━━ Input data

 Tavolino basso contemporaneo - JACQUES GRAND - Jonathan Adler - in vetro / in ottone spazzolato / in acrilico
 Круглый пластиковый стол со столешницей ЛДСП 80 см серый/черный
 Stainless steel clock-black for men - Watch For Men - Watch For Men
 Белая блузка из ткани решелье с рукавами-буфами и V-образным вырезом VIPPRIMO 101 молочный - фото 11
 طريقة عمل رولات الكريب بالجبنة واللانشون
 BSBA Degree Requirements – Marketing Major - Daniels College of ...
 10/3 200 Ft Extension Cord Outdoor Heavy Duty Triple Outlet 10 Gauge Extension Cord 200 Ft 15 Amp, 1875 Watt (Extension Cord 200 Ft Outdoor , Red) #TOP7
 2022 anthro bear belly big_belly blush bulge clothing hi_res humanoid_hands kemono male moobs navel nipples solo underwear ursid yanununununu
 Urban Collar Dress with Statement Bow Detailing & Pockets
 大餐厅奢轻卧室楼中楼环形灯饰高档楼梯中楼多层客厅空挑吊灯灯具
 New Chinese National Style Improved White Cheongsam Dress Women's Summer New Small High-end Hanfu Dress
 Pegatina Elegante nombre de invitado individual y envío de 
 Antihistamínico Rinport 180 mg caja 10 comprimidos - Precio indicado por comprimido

━━━━

What you need to do → Please set down the material above once more, word for word.

Result for this task →
 Tavolino basso contemporaneo - JACQUES GRAND - Jonathan Adler - in vetro / in ottone spazzolato / in acrilico
 Круглый пластиковый стол со столешницей ЛДСП 80 см серый/черный
 Stainless steel clock-black for men - Watch For Men - Watch For Men
 Белая блузка из ткани решелье с рукавами-буфами и V-образным вырезом VIPPRIMO 101 молочный - фото 11
 طريقة عمل رولات الكريب بالجبنة واللانشون
 BSBA Degree Requirements – Marketing Major - Daniels College of ...
 10/3 200 Ft Extension Cord Outdoor Heavy Duty Triple Outlet 10 Gauge Extension Cord 200 Ft 15 Amp, 1875 Watt (Extension Cord 200 Ft Outdoor , Red) #TOP7
 2022 anthro bear belly big_belly blush bulge clothing hi_res humanoid_hands kemono male moobs navel nipples solo underwear ursid yanununununu
 Urban Collar Dress with Statement Bow Detailing & Pockets
 大餐厅奢轻卧室楼中楼环形灯饰高档楼梯中楼多层客厅空挑吊灯灯具
 New Chinese National Style Improved White Cheongsam Dress Women's Summer New Small High-end Hanfu Dress
 Pegatina Elegante nombre de invitado individual y envío de 
 Antihistamínico Rinport 180 mg caja 10 comprimidos - Precio indicado por comprimido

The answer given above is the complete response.